Promise Smartstor NS4600
Stylish storage with server pretensions?
Review The term Network Attached Storage or NAS seems rather simplistic and doesn’t really do justice to a device like Promise’s Smartstor NS4600, which comes with four drive bays and a heap of server abilities. Add to this its polished black shell, funky blue lights, built-in power adapter and exquisitely quiet fan, and you’ve got yourself a living-room-friendly storage behemoth.
Promise Smartstor NS4600: a quiet beast, but power hungry
The big button on the front of the NS4600 is a one-touch backup button, not the power button as we thought for the first 10 minutes of using (or not using) the NS4600. The power button hides around the back beside a Gigabit Ethernet port, two USB ports and one eSata port for external hard drives.
Opening the front door reveals the four hot-swappable 3.5in bays, each with a simple plastic caddy that is fixed to a drive using four screws. The caddy system makes drive installation a breeze and also does well at dampening hard drive noise. Being a bare bones system, you’ll need to supply and instal your own drives.
As well as 256MB DDR2 Ram, the Smartstor NS4600 has Intel’s new Tolapai’s system on a chip with an integrated Pentium M CPU inside. There’s support for 32 simultaneous users and all the usual file sharing protocols: SMB, CIFS, NFS, AFP, plus there are FTP, print and web servers on board – php included, but no MySQL support at present.
Smartnavi provides controls for both Macs and PCs
Installing Promise’s Smartnavi application enables control of most functions from a PC. Among other things, it lets you schedule backups of your PCs and start bittorrent downloads. With the latter, you drag and drop the .torrent file onto a “drop zone” – a small icon that floats on the desktop – to get the NS4600 downloading. SmartNavi also works with Macs and is used to integrate the NS4600 with Apple’s Time Machine backup application as well as supporting Bonjour networking to access storage devices and printers.
Firing up a web browser is needed for more in-depth tweaking. The web based interface has a 1990s design, but does display lots of useful information like system temperature – a reasonable 50°C – and SMART hard drive monitoring, while email alerts and Jumbo frames can be also enabled here.
At present, remote file access is achieved by using a DDNS service but, in Q4 of this year, Promise plans to implement a Gatekeeper service so you don’t need to know your broadband’s IP address or setup a DDNS account. Gatekeeper services make remote access much, much easier but, until now, only Lacie has really committed to a free gatekeeper service on its NAS boxes.

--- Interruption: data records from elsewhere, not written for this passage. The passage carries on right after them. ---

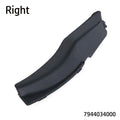 Enhance the Aerodynamics of Your Car with Right Windshield Trim Wiper Deflector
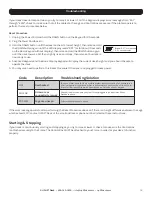 Preview for 15 page of Uplift Desk UPL961 Quick Start Manual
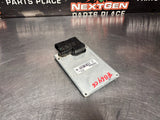 2006 C6 CORVETTE ELECTRONIC SUSPENSION RIDE CONTROL MODULE 15229333 #1364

In use, the DLNA support is second to none – it comfortably streamed a 10GB 1080p movie to a Playstation 3 and fast forwarded through content with ease – while Xbox 360 video streaming worked fine for us too. Media can be streamed via iTunes or through a web browser using Promise’s Remote Access Media Center, which separates your music, videos and photos into categories for immediate playback. This facility will come into its own when the Gatekeeper comes online; enabling easy access to media across the Internet.
To test file transfer speeds, a 901MB file was copied in Windows Explorer across a D-Link DIR-855 Gigabit router. Jumbo frames were disabled and our 2GHz Core 2 Duo test laptop had a 1GB software Ram disk installed, so the laptop didn’t have to access its own drive.
The read transfer speeds are top notch, although Raid 0 should be faster than Raid 1
The NS4600’s high write speeds can only be achieved with a gigabit router or better
For comparison, we also tested Western Digital's Sharespace , Synology’s £400 DS209+ and D-Link's £120 DNS-323. The Sharespace is a direct competitor with the Smartstor NS4600, since it has four drive bays and the Synology and D-Link only have two. All the NAS boxes were tested with two 1TB Western Digital RE2-GP hard drives. Raid 5, 0, 1 and 0+1 are all supported, so you can setup your hard drives for performance, redundancy or a mix of both.
As you’d expect, the NS4600 is quicker when writing in Raid 0 than Raid 1 but, inexplicably, it was slightly faster in Raid 1 than Raid 0 when reading data. Overall, the Promise NS4600 is just a smidgeon behind the Synology DS209+, while it comfortably beats the similarly priced Western Digital Sharespace. With transfers at over 30MB/s, anyone with a 100Mb/s router will need to upgrade to a Gigabit version to take full advantage of the NS4600.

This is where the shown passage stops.